Video review: "Avatar"

So what kind of video release do you give the newly minted top-grossing film of all time?

One full of oodles of never-before-seen insights and peeks behind the scenes? An interactive pop-up commentary with auteur James Cameron? Exclusive interviews with the cast? Dare we imagine 3-D presentation to take advantage of all those expensive new televisions with this feature?

For "Avatar," the answers to these questions are: No, nope, uh-uh and fugeddaboutit.

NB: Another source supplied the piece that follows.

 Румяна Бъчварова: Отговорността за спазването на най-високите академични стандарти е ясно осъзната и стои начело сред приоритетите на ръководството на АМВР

The cinematic sensation is being given an absolute bare-bones video release on April 22 (to coincide with Earth Day). It's arriving with zero extras, whether you choose the DVD version or the Blu-ray/DVD combo pack (though the latter does at least include a digital copy).

Cameron is known for waiting to deliver the real goods with a special edition that usually includes a longer director's cut (see "Terminator 2," "The Abyss"). I believe that's what we can expect with "Avatar."

So if you want all the goodies a watershed film like this demands, content yourself with just renting for now.

Like "Titanic," James Cameron's other much-loved and -loathed epic, "Avatar" is a film whose flaws become more apparent after you've left the cinema. The clunky dialogue, derivative plot and downright silly sci-fi gobbledygook (Unobtainium?) tends to pile up.

But while you're in the theater, sitting there in the dark, it's a thoroughly engrossing spectacle of the first order as we witness the plight of the blue-skinned alien Na'vi and their paradise planet of Pandora, which is steadily being encroached upon by greedy humans plundering it for ore.

Whether or not that experience will translate to your living room television, with the dog barking and the kids clamoring, is a good question. I wish I could answer it for you ... but I can't. The studio declined to provide review copies prior to the release date.

(I suppose with $2.7 billion in ticket sales, they figure they don't have to spend any dough to promote it.)

My guess is that "Avatar" will diminish somewhat on the small screen. Some films -- "Lawrence of Arabia," "Ben-Hur," "Saving Private Ryan" -- need a big canvas to envelop you. But it says something that "Avatar" belongs among those titles.